LISTED ENTRIES Block Start

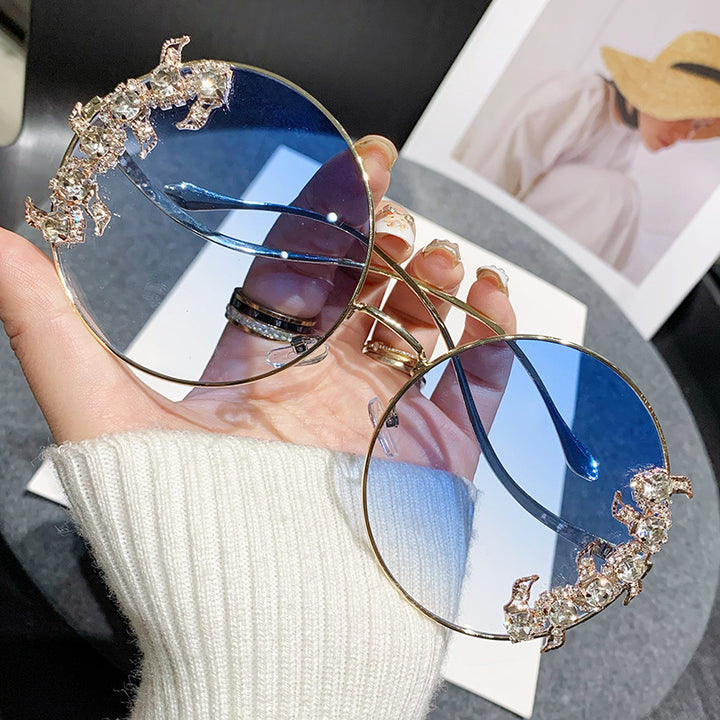 Women's fashion sunglasses with extravagant design and sparkling accents Stornfield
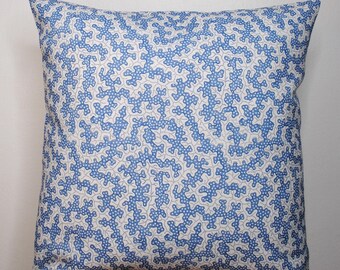 Op de afbeelding: Vierkant decoratief kussen met een blauw en wit koraalpatroon. Het stoffen kussen ligt op een houten oppervlak. Het patroon bestaat uit herhaalde blauwe, koraalachtige vormen tegen een witte achtergrond.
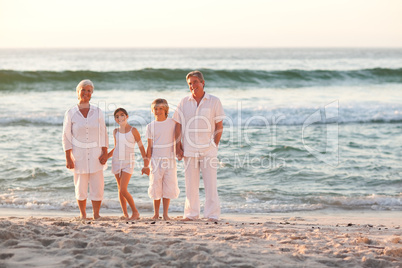 Portrait of a family beside the sea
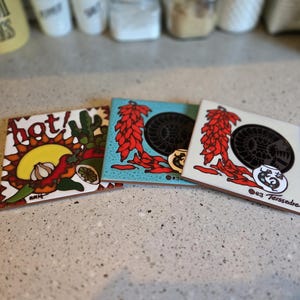 May include: Three ceramic coasters with colorful designs. One coaster features a sun, chili peppers, garlic, and the word "hot!" Another coaster has a blue background with red chili peppers and a black and white design. The third coaster has a white background with red chili peppers and a black and white design.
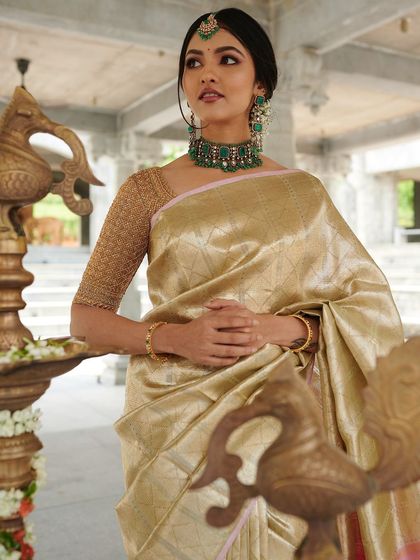 Actress Samikshaa looks stunning in a gold Kanchivaram saree paired with a bespoke hand-embroidered blouse, set against traditional brass lamps.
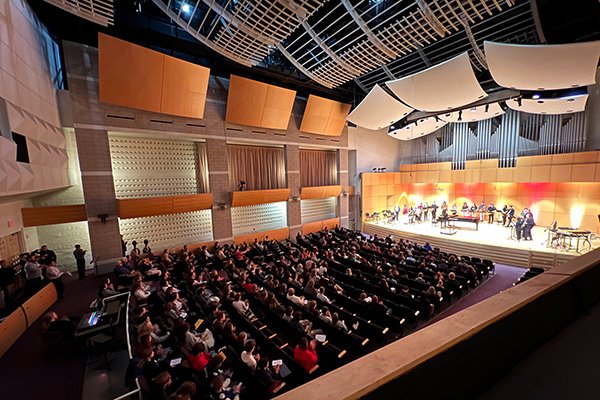 A picture of an audience and a music ensemble performing at Staples Family Concert Hall.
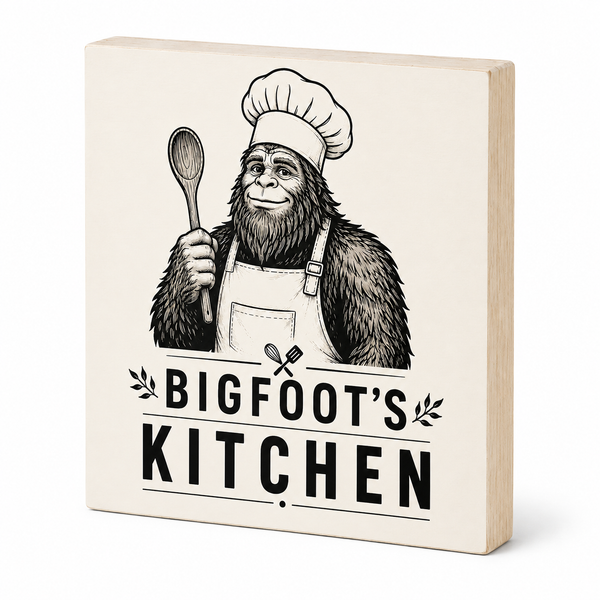 A square wooden decorative sign with a light natural wood edge and a cream face, printed with a black illustration of Bigfoot wearing a chef hat and apron while holding a spoon, above the text 'BIGFOOT'S KITCHEN'.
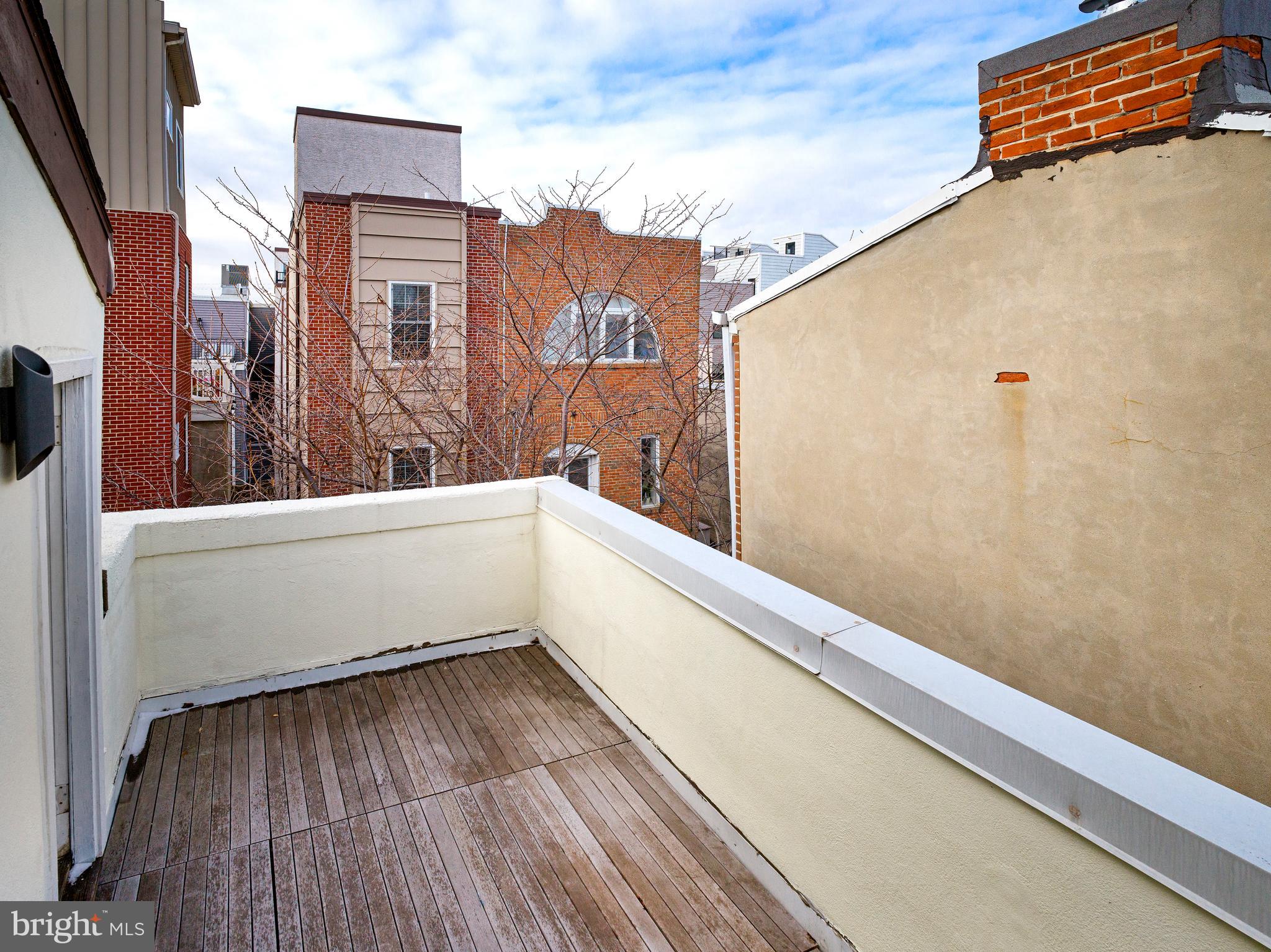 223 Carpenter Street Philadelphia, PA 19147 - Photo 35 of 42 a view of balcony with wooden floor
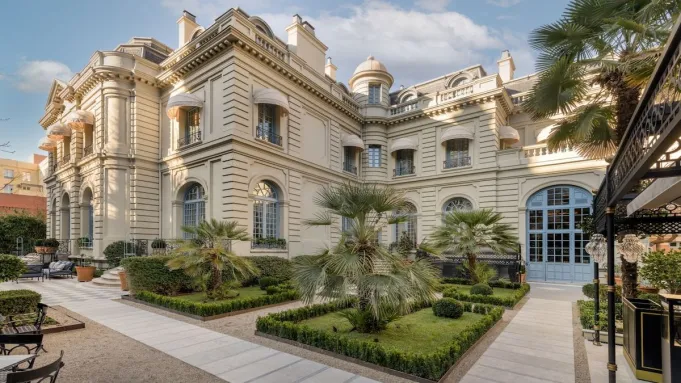 Exterior view of the historic Santo Mauro hotel, showcasing its stately architecture and surrounding gardens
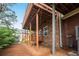 Backyard with a multi-level wooden deck showcasing access to both the first and second floors at 451 Tioram Se Ln, Smyrna, GA 30082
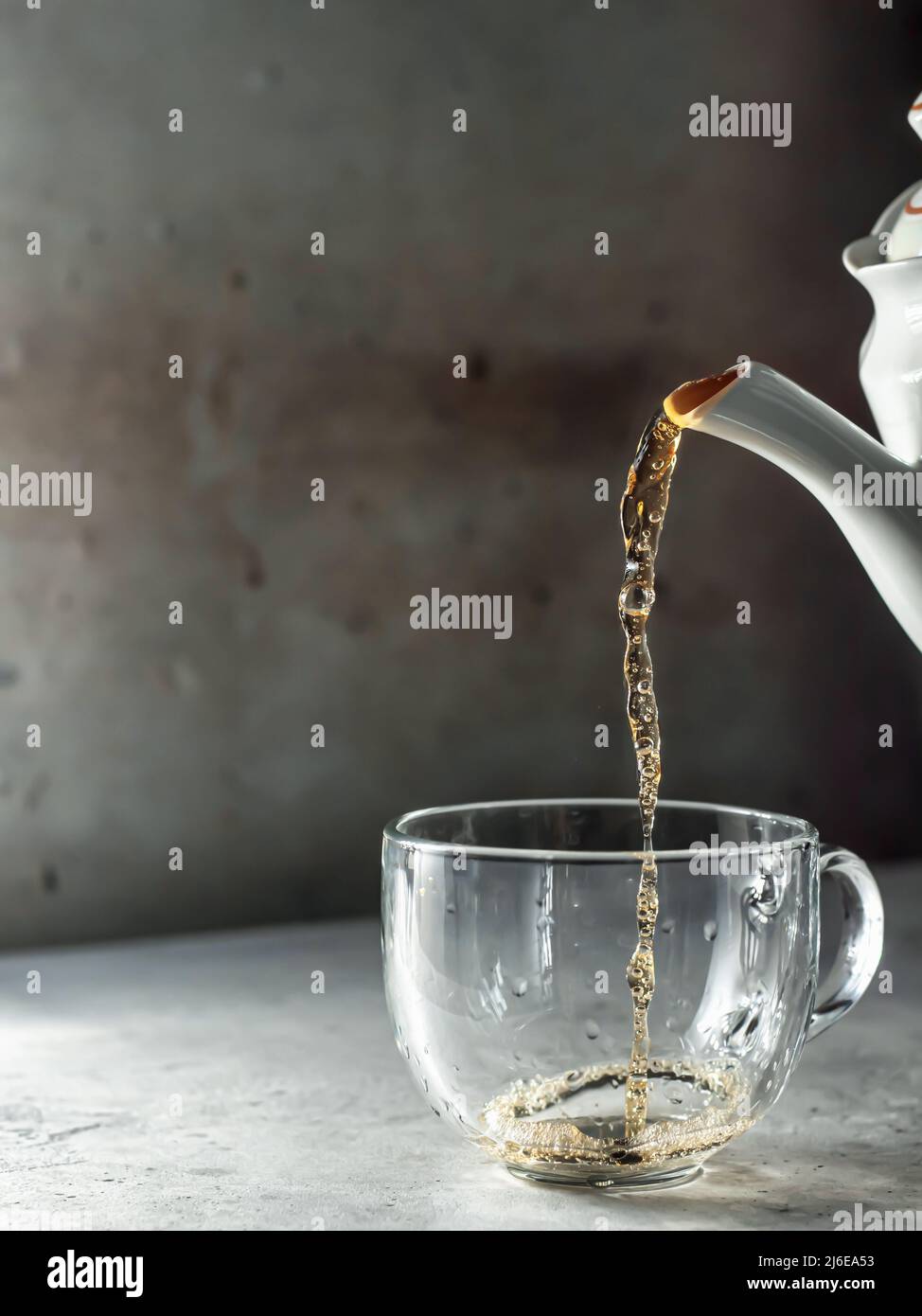 Le thé est versé dans une tasse de thé en verre avec de la vapeur Banque D'Images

LISTED ENTRIES Block End

(HOW TO COMPLETE THIS TASK):
Output all data exactly, omitting images.

(SOLUTION FOR THIS EXERCISE):
 Women's fashion sunglasses with extravagant design and sparkling accents Stornfield
 Op de afbeelding: Vierkant decoratief kussen met een blauw en wit koraalpatroon. Het stoffen kussen ligt op een houten oppervlak. Het patroon bestaat uit herhaalde blauwe, koraalachtige vormen tegen een witte achtergrond.
 Portrait of a family beside the sea
 May include: Three ceramic coasters with colorful designs. One coaster features a sun, chili peppers, garlic, and the word "hot!" Another coaster has a blue background with red chili peppers and a black and white design. The third coaster has a white background with red chili peppers and a black and white design.
 Actress Samikshaa looks stunning in a gold Kanchivaram saree paired with a bespoke hand-embroidered blouse, set against traditional brass lamps.
 A picture of an audience and a music ensemble performing at Staples Family Concert Hall.
 A square wooden decorative sign with a light natural wood edge and a cream face, printed with a black illustration of Bigfoot wearing a chef hat and apron while holding a spoon, above the text 'BIGFOOT'S KITCHEN'.
 223 Carpenter Street Philadelphia, PA 19147 - Photo 35 of 42 a view of balcony with wooden floor
 Exterior view of the historic Santo Mauro hotel, showcasing its stately architecture and surrounding gardens
 Backyard with a multi-level wooden deck showcasing access to both the first and second floors at 451 Tioram Se Ln, Smyrna, GA 30082
 Le thé est versé dans une tasse de thé en verre avec de la vapeur Banque D'Images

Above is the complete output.